To use it, first of all we need to get a handle of the specified directory with the help of CreateFile (dwDesiredAccess argument should have FILE_LIST_DIRECTORY, dwFlagsAndAttributes should have FILE_FLAG_BACKUP_SEMANTICS). Pass this handle with a buffer into ReadDirectoryChangesW. The buffer should be large enough to hold one or several items of type FILE_NOTIFY_INFORMATION. The synchronous version of function returns when the content of directory is changed (actually it is possible to make asynchronous calls as well, but this is beyond the scope of this post). 

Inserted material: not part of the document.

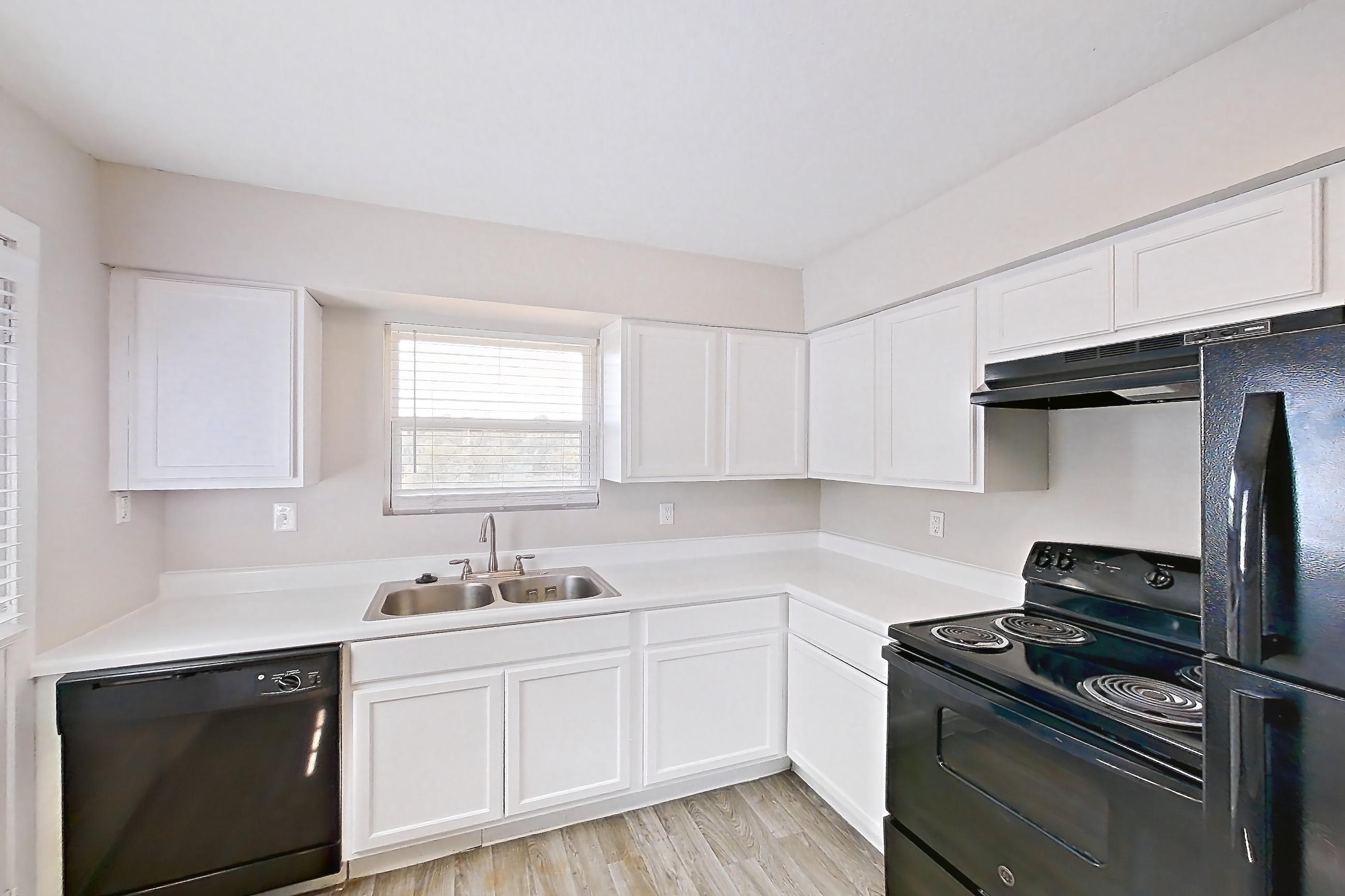 Kitchen with black appliances, dishwasher, electric range, light countertops, light wood-finish flooring, oven/range, and refrigerator, Apartment 2902 at Bella Vista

So a very simple synchronous sample looks like (Unicode version):


#include <windows.h>

void TestDirChanges(LPCWSTR path)
{
    /*
    FileName member of FILE_NOTIFY_INFORMATION has only one WCHAR according to definition. Most likely, this field will have more characters.
    So the expected size of one item is (sizeof(FILE_NOTIFY_INFORMATION) + MAX_PATH * sizeof(WCHAR)).
    Prepare buffer for 256 items.
    */
    char buf[256 * (sizeof(FILE_NOTIFY_INFORMATION) + MAX_PATH * sizeof(WCHAR))] = {0};
    DWORD bytesReturned = 0;
    BOOL result = FALSE;
    FILE_NOTIFY_INFORMATION *fni = NULL;

    HANDLE hDir = CreateFile(path,
        FILE_LIST_DIRECTORY | STANDARD_RIGHTS_READ,
        FILE_SHARE_READ | FILE_SHARE_WRITE | FILE_SHARE_DELETE,
        NULL,
        OPEN_EXISTING,
        FILE_FLAG_BACKUP_SEMANTICS,
        NULL);
         
    if (!hDir || hDir == INVALID_HANDLE_VALUE)
    {
        wprintf(L"CreateFile failed\n");
        return;
    }

    while (1)
    {
        result = ReadDirectoryChangesW(hDir,
            buf,
            sizeof(buf) / sizeof(*buf),
            TRUE, /* monitor the entire subtree */
            FILE_NOTIFY_CHANGE_FILE_NAME |
                FILE_NOTIFY_CHANGE_DIR_NAME |
                FILE_NOTIFY_CHANGE_ATTRIBUTES |
                FILE_NOTIFY_CHANGE_SIZE |
                FILE_NOTIFY_CHANGE_LAST_WRITE |
                FILE_NOTIFY_CHANGE_LAST_ACCESS |
                FILE_NOTIFY_CHANGE_CREATION |
                FILE_NOTIFY_CHANGE_SECURITY,
            &bytesReturned,
            NULL,
            NULL);

        if (result && bytesReturned)
        {
            wchar_t filename[MAX_PATH];
            wchar_t action[256];
            for (fni = (FILE_NOTIFY_INFORMATION*)buf; fni; )
            {
                switch (fni->Action)
                {
                case FILE_ACTION_ADDED:
                    wcscpy_s(action, sizeof(action) / sizeof(*action), L"File added:");
                    break;

                case FILE_ACTION_REMOVED:
                    wcscpy_s(action, sizeof(action) / sizeof(*action), L"File removed:");
                    break;

                case FILE_ACTION_MODIFIED:
                    wcscpy_s(action, sizeof(action) / sizeof(*action), L"File modified:");
                    break;

                case FILE_ACTION_RENAMED_OLD_NAME:
                    wcscpy_s(action, sizeof(action) / sizeof(*action), L"File renamed, was:");
                    break;

                case FILE_ACTION_RENAMED_NEW_NAME:
                    wcscpy_s(action, sizeof(action) / sizeof(*action), L"File renamed, now is:");
                    break;

                default:
                    swprintf_s(action, sizeof(action) / sizeof(*action), L"Unkonwn action: %ld. File name is:", fni->Action);
                }

                if (fni->FileNameLength)
                {
                    wcsncpy_s(filename, MAX_PATH, fni->FileName, fni->FileNameLength / 2);
                    filename[fni->FileNameLength / 2] = 0;
                    wprintf(L"%s '%s'\n", action, filename);
                }
                else
                {
                    wprintf(L"%s <EMPTY>\n", action);
                }               

                if (fni->NextEntryOffset)
                {
                    char *p = (char*)fni;
                    fni = (FILE_NOTIFY_INFORMATION*)(p + fni->NextEntryOffset);
                }
                else
                {
                    fni = NULL;
                }
            }
        }
        else
        {
            wprintf(L"ReadDirectoryChangesW failed\n");
        }
    }

    CloseHandle(hDir);
}

The call might look similar to
TestDirChanges(L"C:\\Documents and Settings\\SomeUser\\1\\").

In order to make the things simpler I didn't introduce any way to stop, so this sample runs forever (until Ctrl-C or kill).